Functional Bias and Tangent-Space Geometry in Variational Inference

TL;DR

This paper introduces a geometric framework to analyze the bias in posterior functionals caused by variational inference, revealing how the structure of the variational family influences approximation accuracy.

Contribution

It develops a tangent-space geometric analysis of variational bias, explicitly characterizing how functional alignment and interaction components affect approximation errors.

Findings

Leading-order bias depends on orthogonality to the tangent space.

Structured mean-field families have block-additive tangent spaces.

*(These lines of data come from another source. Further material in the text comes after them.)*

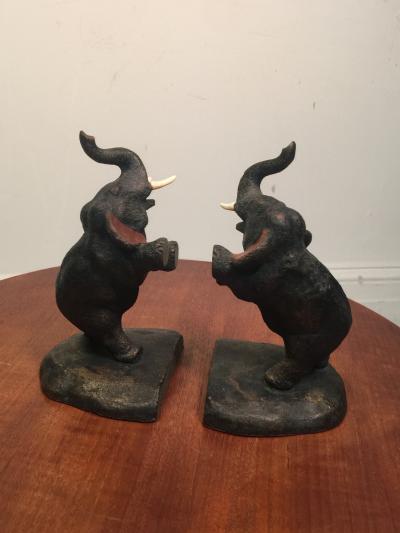 Franz Walter Bergmann PLAYFUL POLYCHROMED AUSTRIAN BRONZE ELEPHANT BOOKENDS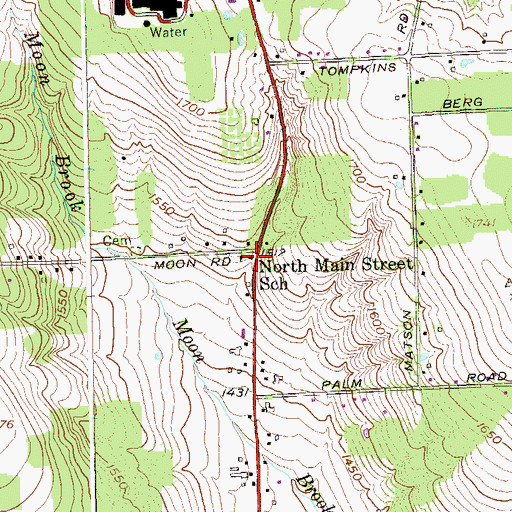Topographic Map of North Main Street School, NY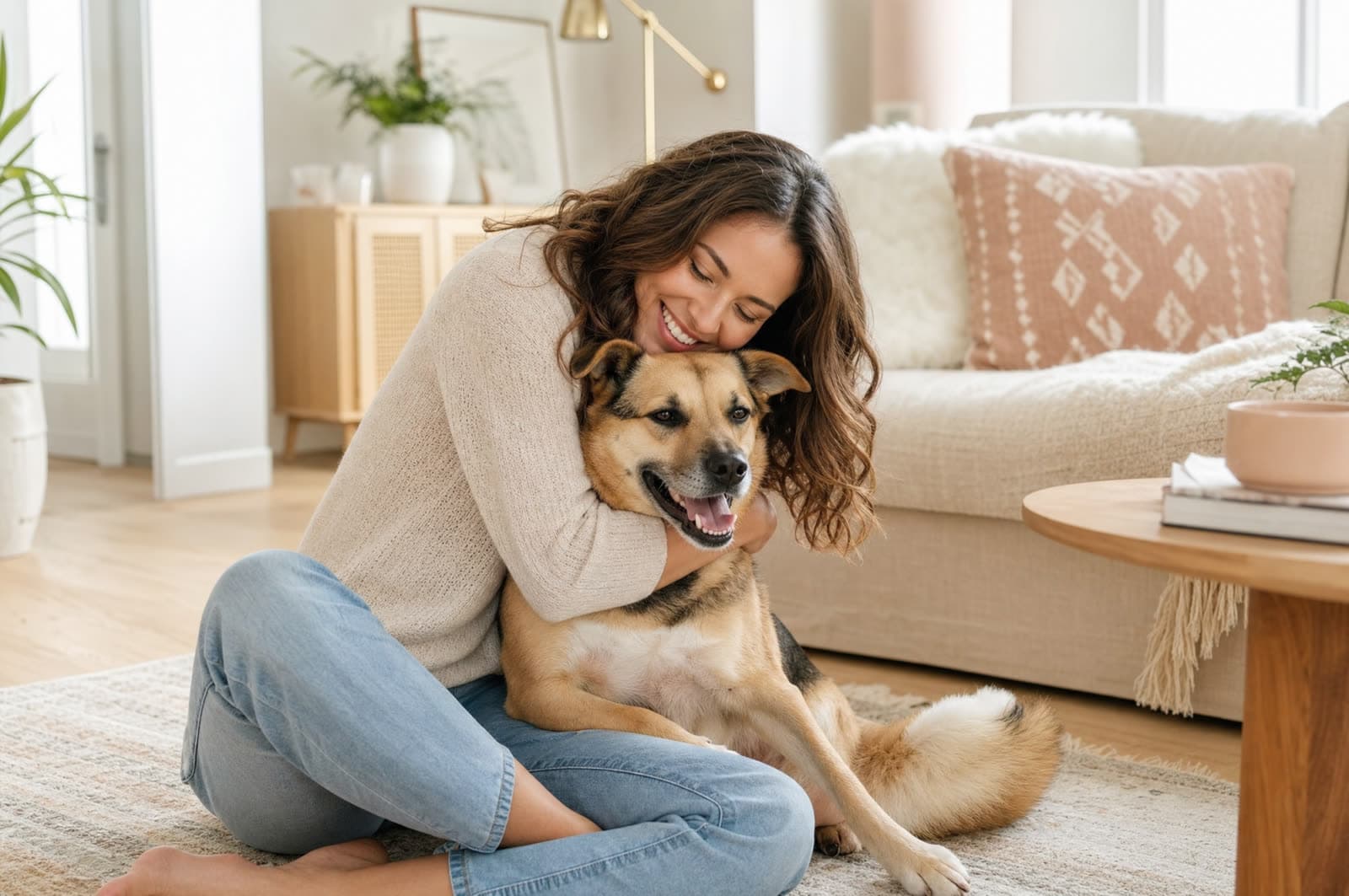 A happy pet owner relaxing at home with their dog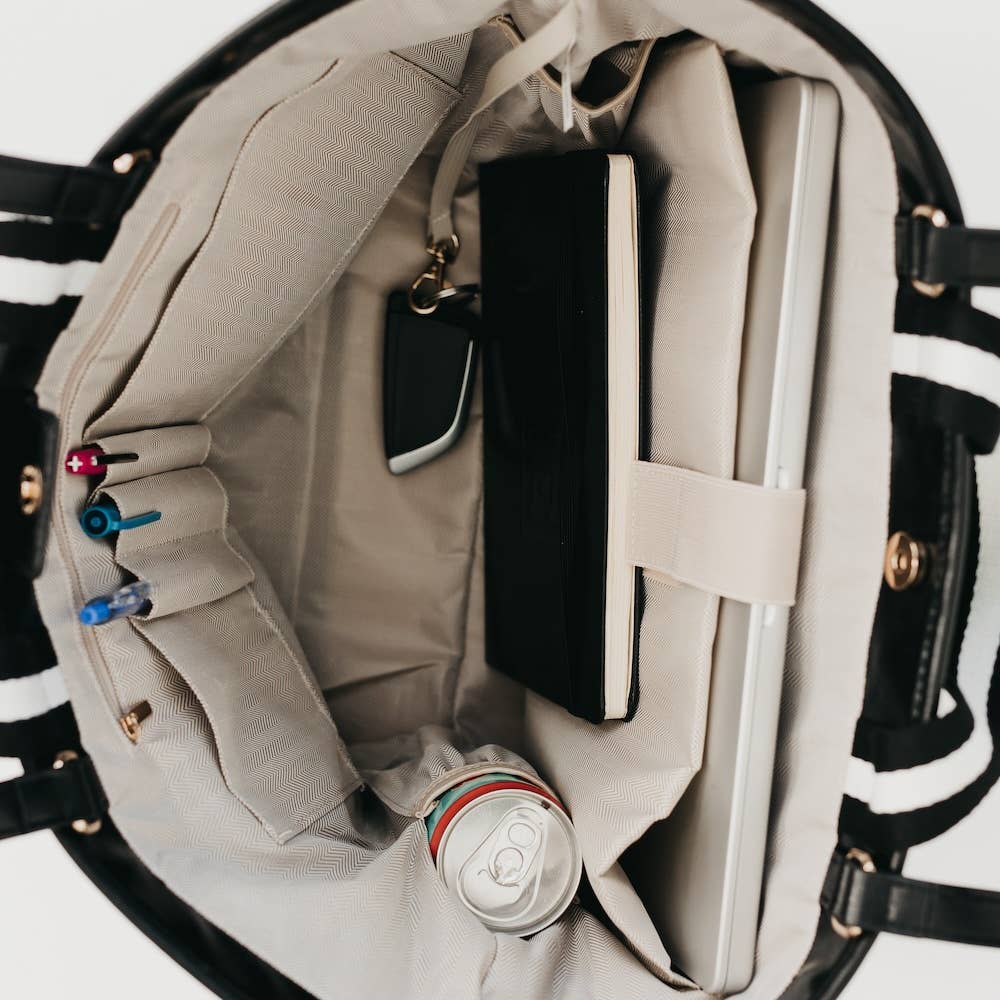 Woven Tiffany Organizer Tote Bag: Black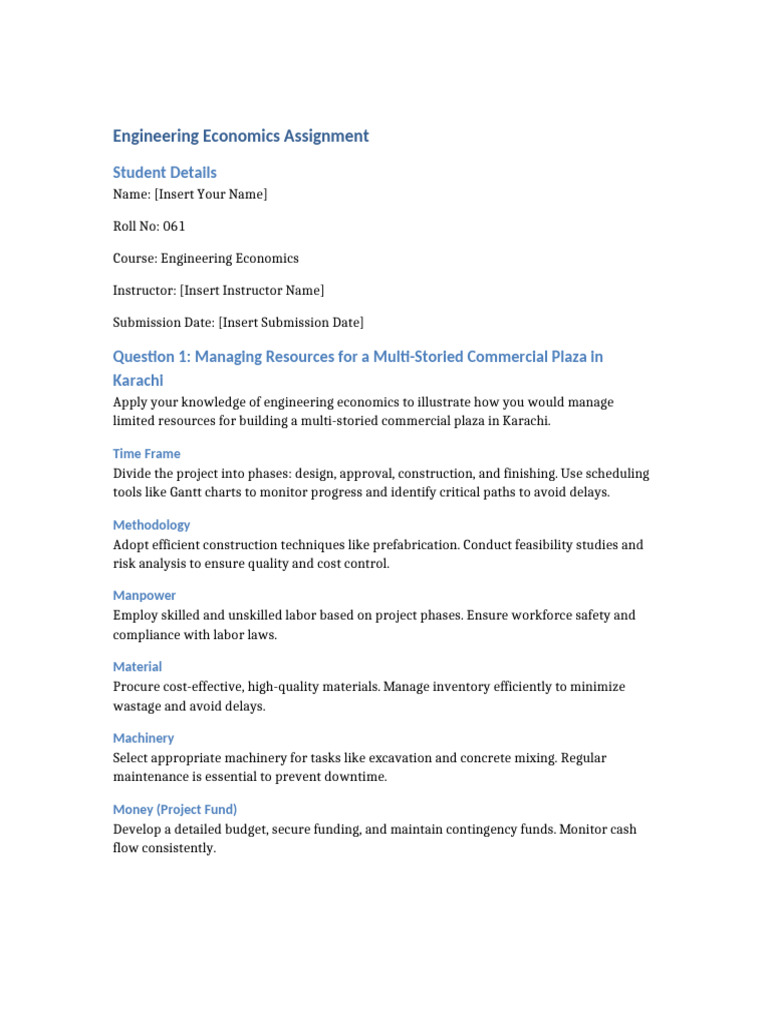 Engineering Economics Project Management Guide | PDF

Omitted interactions cause first-order distortions in dependence measures.

Abstract

Variational inference approximates Bayesian posterior distributions by projecting onto a tractable family of distributions. While most theoretical analyses evaluate the quality of this approximation using global divergence measures, many applications rely on specific posterior summaries such as expectations, variances, or tail probabilities. We develop a geometric framework for analyzing the bias of posterior functionals under variational approximations. We show that the leading-order bias of a posterior functional is determined by its component orthogonal to the variational tangent space induced by the variational family. Functionals aligned with this space incur only second-order bias. For structured mean-field variational families we characterize the tangent space explicitly and show that it consists of block-additive functions of the parameter blocks, while interaction components determine the leading-order bias. Under standard local asymptotic normality conditions we further derive explicit asymptotic expansions for the bias of posterior functionals and show that omitted interaction directions produce first-order distortion of cross-block dependence measures. These results provide a geometric explanation for several well-known properties of mean-field variational inference, including the systematic distortion of cross-block dependencies.